= Alexandre de Mérode =

Belgian sports executive (1934–2002)

Prince Alexandre de Merode (May 24, 1934 – November 19, 2002) was a member of the Belgian princely House of Merode and was the head of drug testing policy for the International Olympic Committee (IOC) until his death.

Merode was born in Etterbeek, Belgium.

Merode's position at the IOC was not without criticism. Following allegations of doping at the 1984 Summer Olympics, samples from suspected drug cheats were never actually tested. The prince claimed that the paperwork was accidentally discarded when the Los Angeles organizing committee converted his temporary office back into a suite immediately after the closing ceremony; however, he has been accused of deliberately destroying the evidence.

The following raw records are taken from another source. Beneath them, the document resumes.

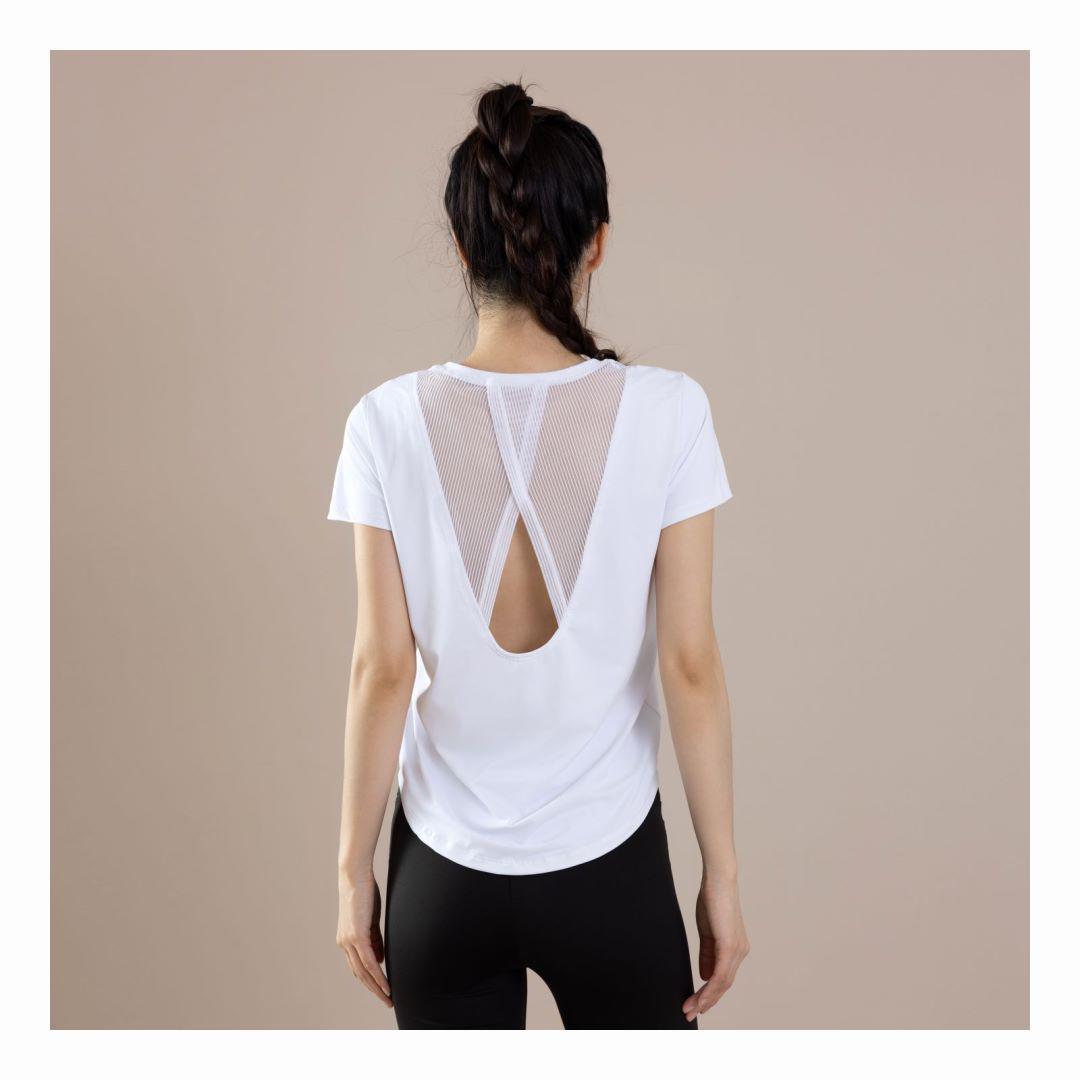 Loose Sports Short-sleeved Women's Quick-drying T-shirt Beauty-backed Breathable Running Top Half-sleeved Fitness 38 Yoga Clothing Blouse Summer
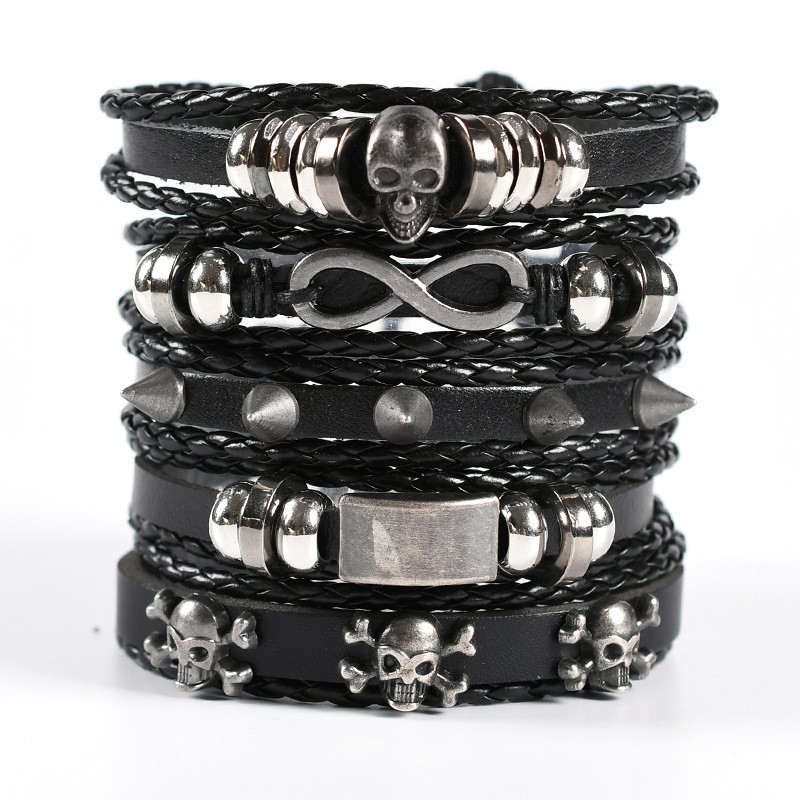 Cross-border new European and American retro style skull 8-character multi-layer elastic rope hand-woven 5-piece men's leather bracelet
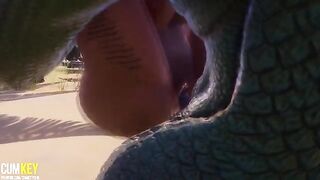 Two sexy girls get fucked by a big cock monster in a wild 3D scene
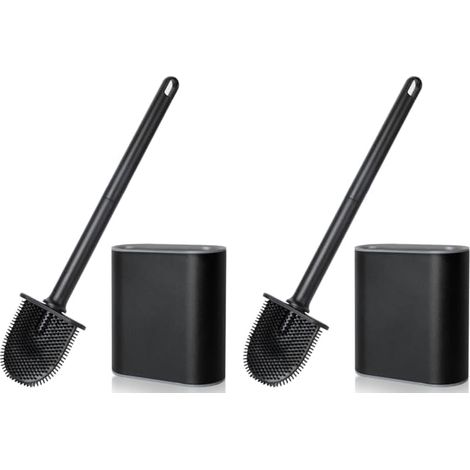 Brosse de toilette, Deep Silicone Brosse de toilette avec poignée en plastique antidérapante, polyvalent et pratique (1/5)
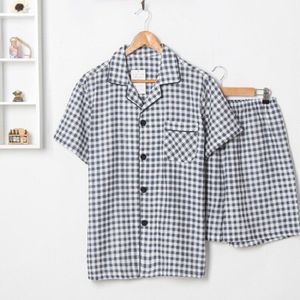 Katoen dubbele gaas plaid mannen thuis kleding zomer korte mouw nachtkleding zwart wit plaid pijamas korte mouw tops shorts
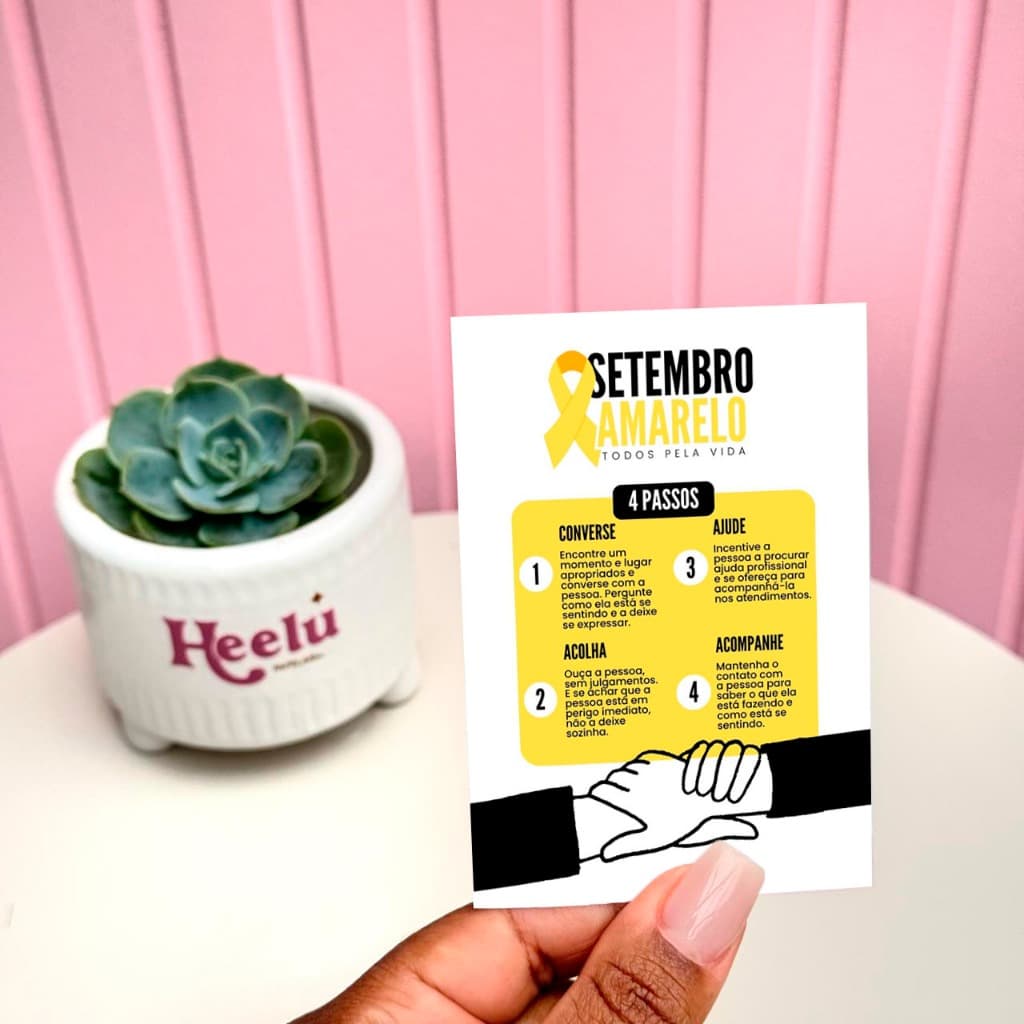 50/100 Folhetos Setembro Amarelo - 4 Passos - Motivacional - Pronta Entrega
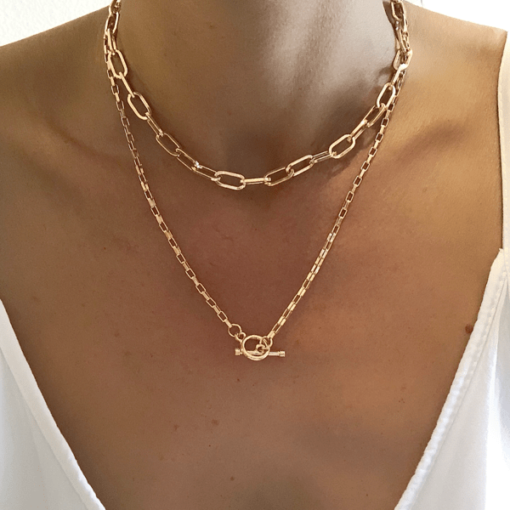 Collier double rang grosse maille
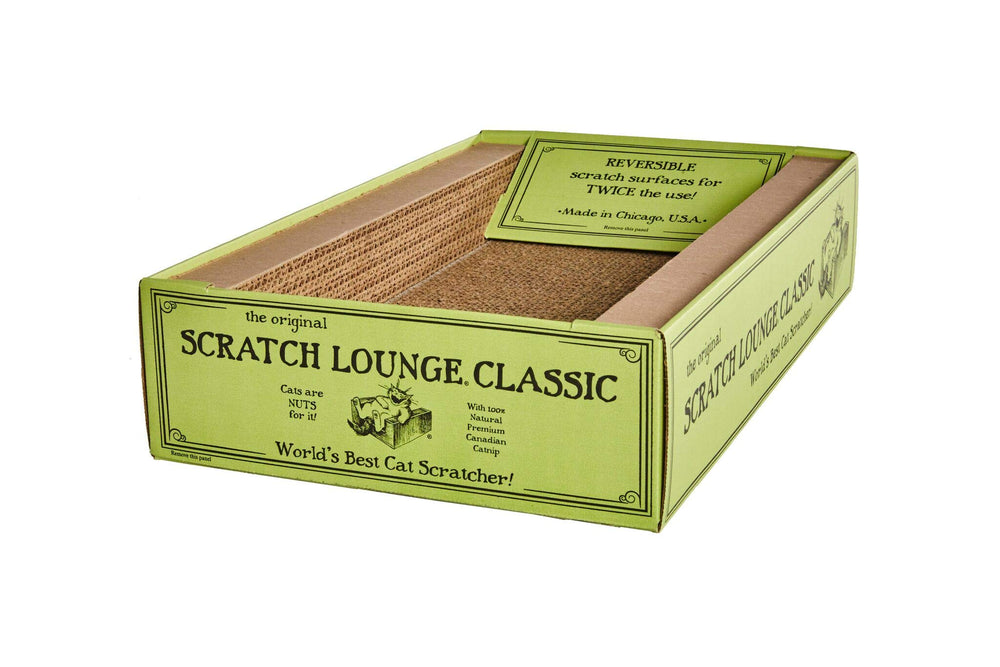Scratch Lounge XL catnip-in-pack illustrating added appeal for cats.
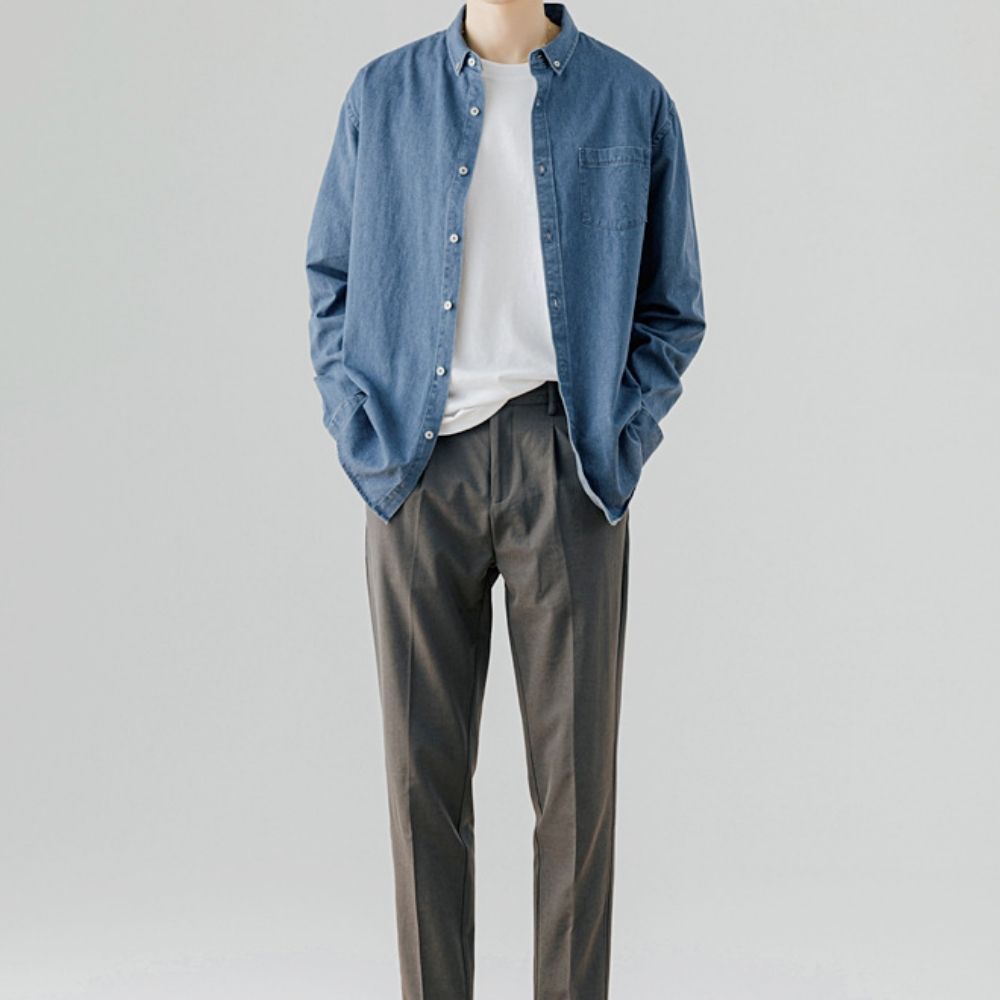 Relaxed Fit Men's Denim Top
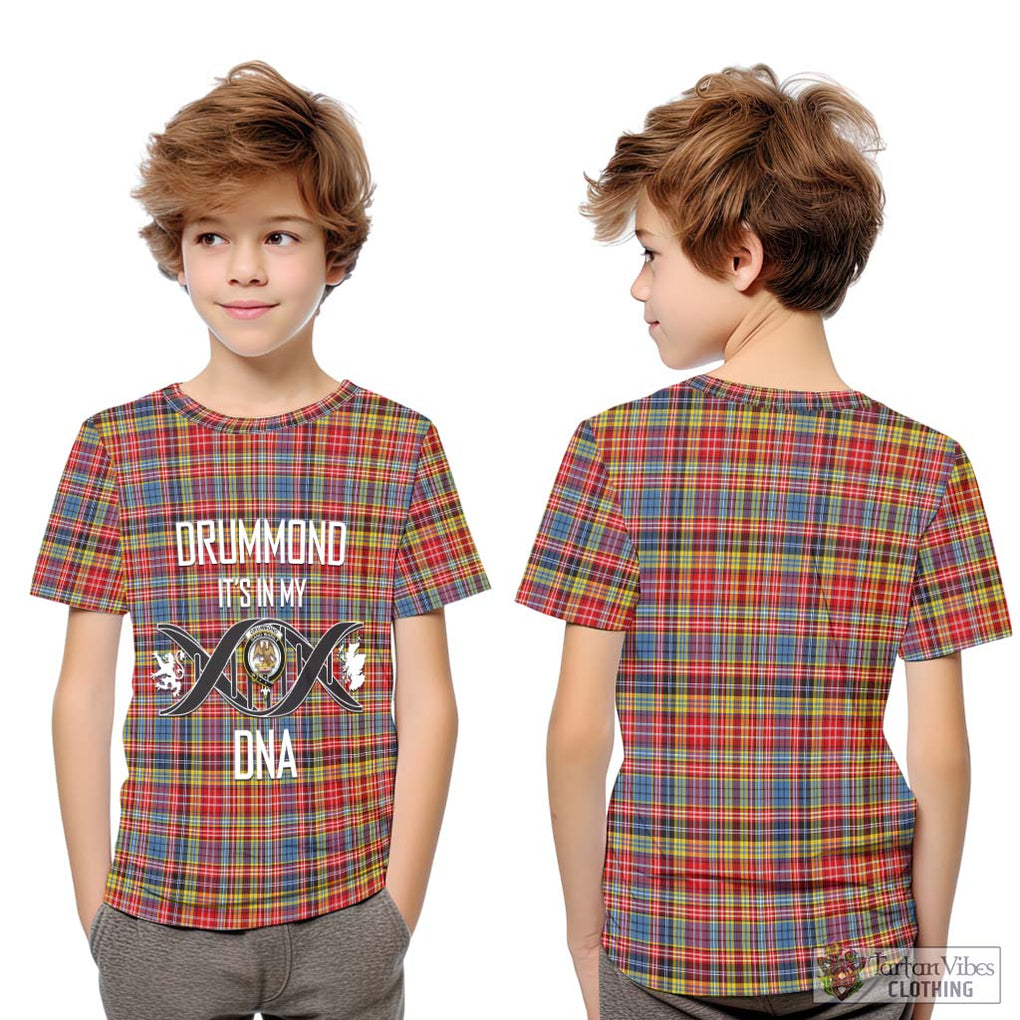 Drummond of Strathallan Modern Tartan Kid T-Shirt with Family Crest DNA In Me Style Youth XL Size14 - Tartanvibesclothing Shop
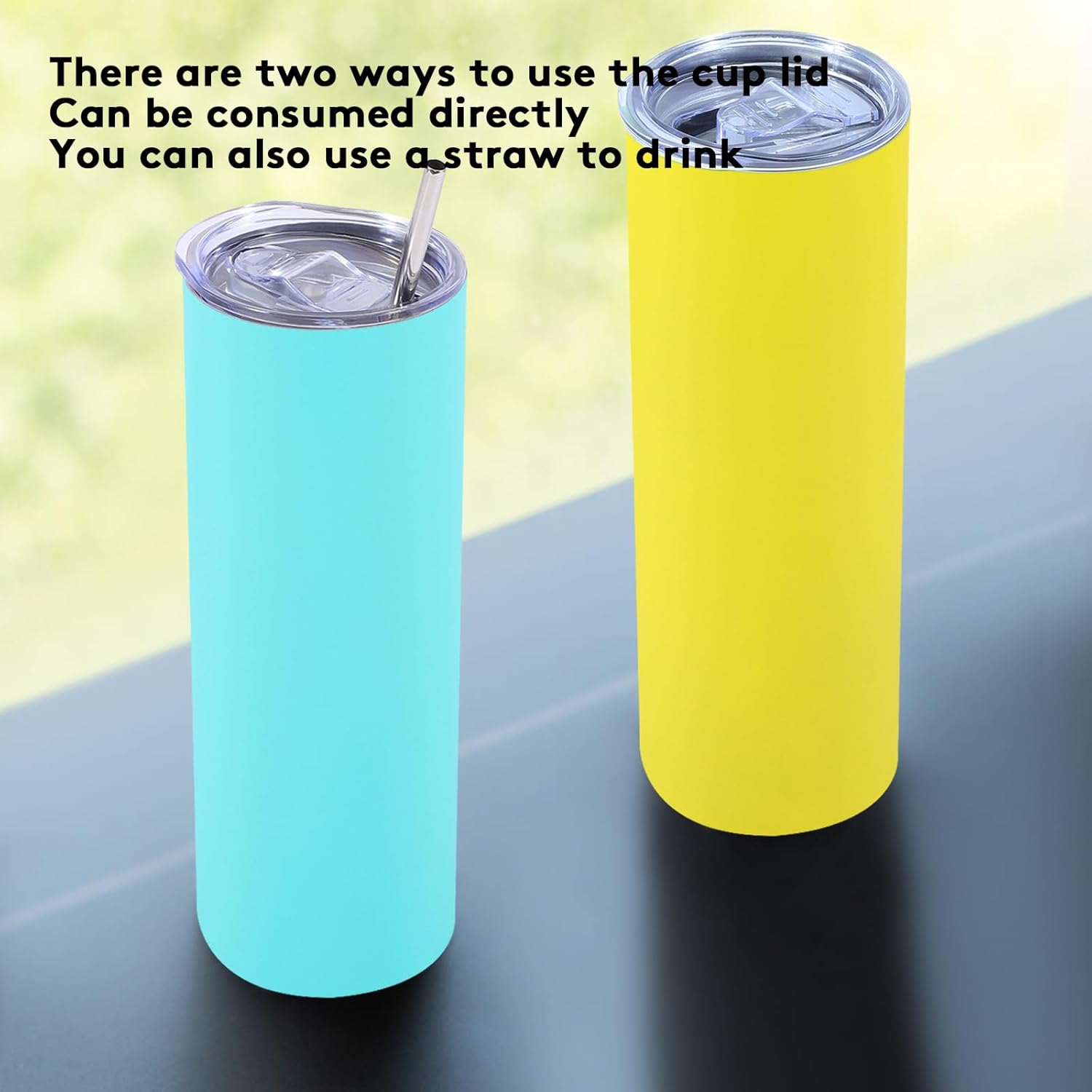 8 Pack Skinny Tumblers with Straws and Lids, 20oz Powder Coated Stainless Steel Slim Tumbler Double Wall Vacuum Insulated Coffee Cups for Hot Cold Drink (Mixed color) - Image 4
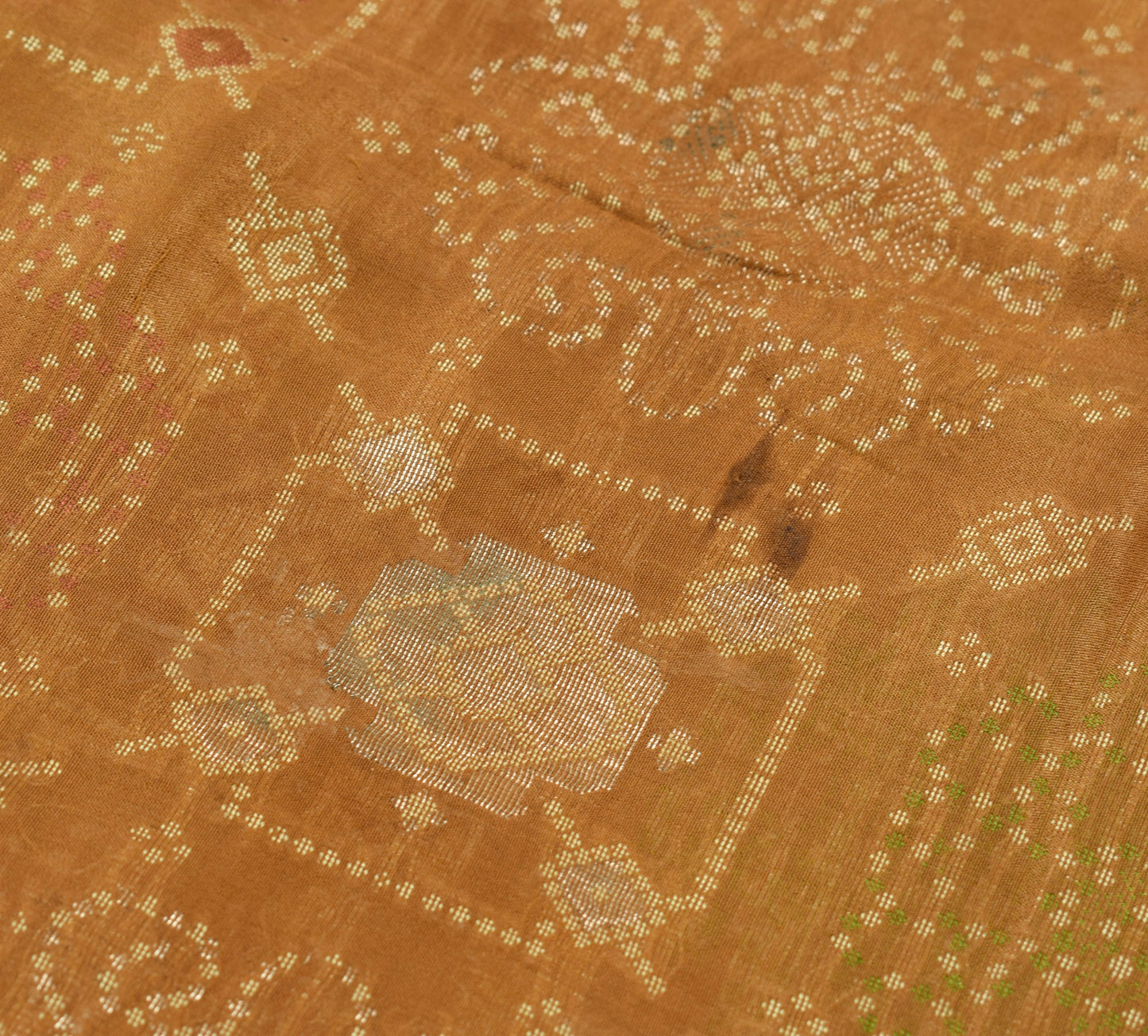 Sushila Vintage Brown 100% Pure Silk Saree Woven Traditional Sari Craft Fabric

Following record-shattering performances by Chinese female swimmers in the 1990s and a doping scandal during the 1998 Tour de France, international sport created the World Anti-Doping Agency, effectively removing control of drug testing from the IOC and Merode.

In 1998, Merode backed up claims that certain athletes were using the controversial abortion doping procedure for performance-enhancing benefits; however, he did not provide any proof.

In May 2000, he tendered his resignation as head of the IOC medical commission; however, he withdrew his resignation when IOC president Juan Antonio Samaranch asked him to stay.

He died of lung cancer on November 19, 2002. He never married.